Pakistan faces 'womanless' future

SKEWED GENDER RATIO: As a result of sex-selective abortions, there are 105.7 boys born for every 100 girls in Pakistan.


    Jul 02, 2015

    Pakistan faces 'womanless' future

    NEARLY every woman in Pakistan has witnessed or experienced it herself. A woman, an aunt or a sister becomes pregnant. If she has daughters, or even if she does not, the hope is for a boy. From the prayers of old ladies bestowed on the woman to the vocalised aspirations of all relatives, the hope, the desire, the goal is for a boy.

    For all but a few families, therefore, the birth of a girl is a loss.

    Given the dynamics of shame in the country, some cover this up with forced smiles and platitudes; others visibly mourn and mope. The numbers testify to the reality: 105.7 boys born for every 100 girls.

    In parts of the world where such prejudice does not exist, the natural ratio, so to speak, is usually about 50:50. Expanded into millions, it becomes a huge gap between men and women.

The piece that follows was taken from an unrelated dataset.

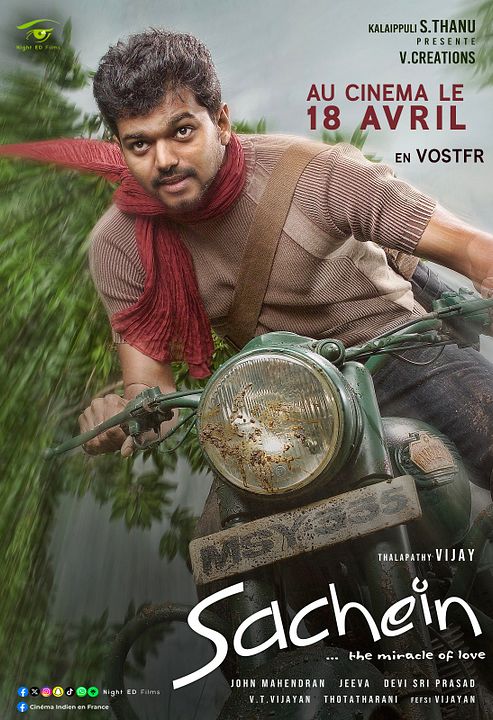 Sachein : Affiche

    It was only a matter of time before technology was put into the service of patriarchy. According to the Population Research Institute, which calls itself a non-profit research group and collects data on sex-selective abortion, over 1.2 million female foetuses were aborted in Pakistan between 2000 and last year. The yearly average of sex-selective abortions is 116,384.

    The numbers are reportedly trumped only by China and India, both of which have significantly larger populations than Pakistan, and they see around 800,000 and 600,000 sex-selective abortions respectively every year. The figures are calculated using census numbers and life expectancy, and then projecting the natural ratio and noting the disparity between what should be and what is.

    These estimates may be surprising to some, at least in this sort of public presentation. Reproductive health is in itself a loaded issue in Pakistan, where fertility and a woman's ability to give birth - and give birth to a son - have huge impact on the quality of her life.

    In private, reproductive healthcare professionals tell of the onerous professional decisions they face when confronted with infertility issues. Women, afraid of losing their marriages, will often beg their doctors to keep information from their in-laws. In sum, the issue of a woman's ability to bear children is a fraught one.

    With so much riding on the ability and possibility of a woman bearing a child, it is unsurprising that, even in educated families, misinformation and secrecy reign.

    Abortion for any reason is a taboo subject, with no statistics available as to who, why or when abortions are necessitated and what sort of care is available to women who have them.

    Given the rest of Pakistan's dismal numbers on maternal health (the majority of poor women have virtually no access to healthcare) and the deplorable mix of coercion and abuse that hounds most women, it can safely be assumed that most who undergo abortions do so in secrecy, with a good number perishing in the process. Life in general is cheap in Pakistan, and women's lives even cheaper.

    Numbers, however, do not lie. Sex-selective abortions, where parents discover the gender of a foetus and then abort it, are obviously happening in Pakistan and at a rate higher than in Vietnam, Malaysia, Azerbaijan and elsewhere.




    Nor is there any hope, it seems. With girls being married off at younger ages (half of married women between the ages of 20 and 24 were married before they were even 18), little training for those providing reproductive health services, and coercive in-laws and husbands wanting sons at any cost, the number of these abortions will most likely rise.

    The high cost of raising children, expected only to get higher, is likely to facilitate its popularity; the country's increasingly urban character will add to it. After all, boys are investments with rates of return; girls, we are told, are always liabilities.

    Normally, the ever-vigilant religious vanguard of Pakistani society would rise up and rant against the killing of the unborn; but patriarchy, it seems, silences even the most pious and the issue of saving unborn girls does not appear on their agenda.

    Should we feel sorry for the 1.2 million gone girls of Pakistan, the ones who were killed before they ever had a chance to live? Instinct and empathy would say yes; a chance at life is, after all, a chance at change, at making something of oneself, at a future. This sort of wish, however, aligns poorly with the realities of Pakistani society.

    As a large number of Pakistan's unborn girls continue to be eliminated soon after they make their first appearances on an ultrasound monitor, as the number of gone girls rises from the hundreds of thousands a year to the millions, the men may notice.




    Future generations could see a Pakistan transformed from one where women are increasingly banished and invisible, to one where women are simply not there any more.

    If the level of misogyny regularly witnessed in the pages of newspapers, the murders and kidnappings, the discrimination and abuse are any indication, then it seems that the numbers of women could dwindle further.

    This "womanless" world, one that the country's men seem to want to create, by harassing and constraining, banning and eliminating, raping and disrespecting, would be a good fate for them.

    Those who plan and plot and kill girls before they are born, who imagine their hushed act as having no consequences, would face the collective catastrophe brought on by a million others who thought the same.

    In the meantime, many unborn girls of Pakistan are at risk or probably, gone girls.


    The writer is an attorney teaching constitutional law and political philosophy.